Friday, 21 May 2010

The Future of the book

"By the end of 2012, digital books will be 20% to 25% of unit sales, and that's on the conservative side," predicts Mike Shatzkin, chief executive of the Idea Logical Co., publishing consultants. "Add in another 25% of units sold online, and roughly half of all unit sales will be on the Internet."

Nowhere is the e-book tidal wave hitting harder than at bricks-and-mortar book retailers. The competitive advantage Barnes & Noble spent decades amassing—offering an enormous selection of more than 150,000 books under one roof—was already under pressure from online booksellers.

It evaporated with the recent advent of e-bookstores, where readers can access millions of titles for e-reader devices.

Even more problematic for brick-and-mortar retailers is the math if sales of physical books rapidly decrease: Because e-books don't require paper, printing presses, storage space or delivery trucks, they typically sell for less than half the price of a hardcover book. If physical book sales decline precipitously, chain retailers won't have enough revenue to support all their stores.
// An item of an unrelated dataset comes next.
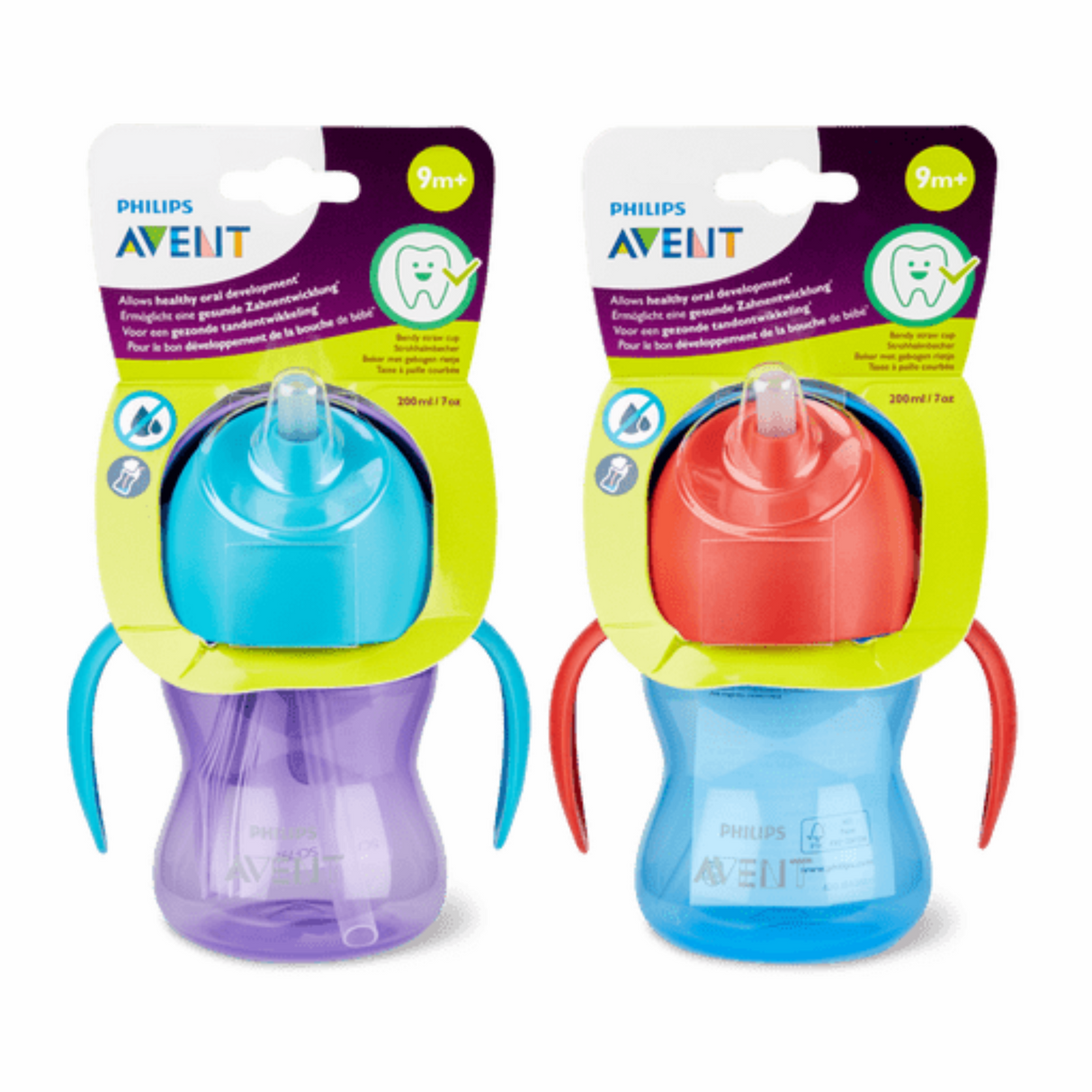 Philips Avent Bendy Straw Cup with Handles (Random Colour) - 200mL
"It's fair to say that the leadership folks at the major trade publishers didn't believe until very recently that e-books had any economic life in them," Arthur Klebanoff, chief executive of New York-based RosettaBooks LLC, an e-book publisher.


It may be a sad state of affairs to see all these bookshops vanish, but it is inevitable that the industry will change, indeed is currently in the process of the greatest change since the paperback novel was invented. Take a look at the graph on the left and you will see that since last year there has been a -5% drop overall in physical book sales but a 190% increase in digital sales.


Regular books will be around for some time to come but they will have to exist alongside their electronic versions.